求求?司乐心里默默的翻了一个大大的白眼,她们谁求谁还是个问题,娄枭可是很护短的,自己勉勉强强应该可以算是自己人了,而对面这个不认识哎。
“你还是想想你自己来的快,”司乐眼里带上了和娄枭一样的恶劣,“二爷可经常听我叫他先生,”
“你,”刘艳霞眼里带上了嫉妒,却被压制了下来,她才不会因为一个人乱了自己的谋划!
“我说的难道不对吗?你该不会是嫉妒我陪着先生吧?”司乐挑眉,今来这里肯定是别有用心,说不定就是打着自己的主意,她说的每一句话司乐都不信。
“走的时候记得把你的东西带走,这里可不留脏东西,”司乐面上带着的都是不耐烦,说了这么久烦死了,一点正经事都没有,她要回去睡美容觉了。
“二爷,我们现在还不进去,”兰执上前一步,他是想不通这大冷天的在这里吹冷风的有什么好的。
“从另一边进门,”娄枭目光在跟在刘艳霞身边的中年男人划过,唇角翘起,还真是得来全不费工夫。
“我走前面,这段时间那边没有人走估计已经落上灰了,”兰执边说边走在了前面,打开向上的楼梯。
坐在那聚精会神听着的安平收到信息,面色一沉,给了身后人一个眼神,瞬间众人做鸟兽散开。
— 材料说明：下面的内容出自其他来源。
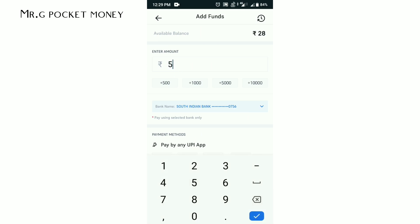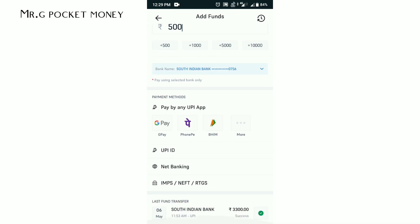You will have to add 500. You need to add all the details and select payment methods. You can add UPI ID, Net Banking, NEFT, RTGS. You will have all the UPI apps - Google Pay, PhonePe, Paytm.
安平整了整西装,带上金丝边框眼镜,温文儒雅的下楼。
“安伯?”刘艳霞压制住蓬发的怒气,“听说你平时爱喝茶,这是我特意买来送给你的,”
司乐看了一眼袋子,眼波流转,她怎么不知道安伯爱喝茶?他不是一个很喜欢偷偷吃甜食的小老头?
“我跟你可不熟,无功不受禄,你带回去好了,”安平满脸不在意,“你可以回去了,枭园不欢迎外人。”
“外人?”刘艳霞指了指自己,“我吗?”拜托她以后可是枭园的女主人哎?下意识忽略了娄枭从来不是个会乖乖听老爷子话的男人。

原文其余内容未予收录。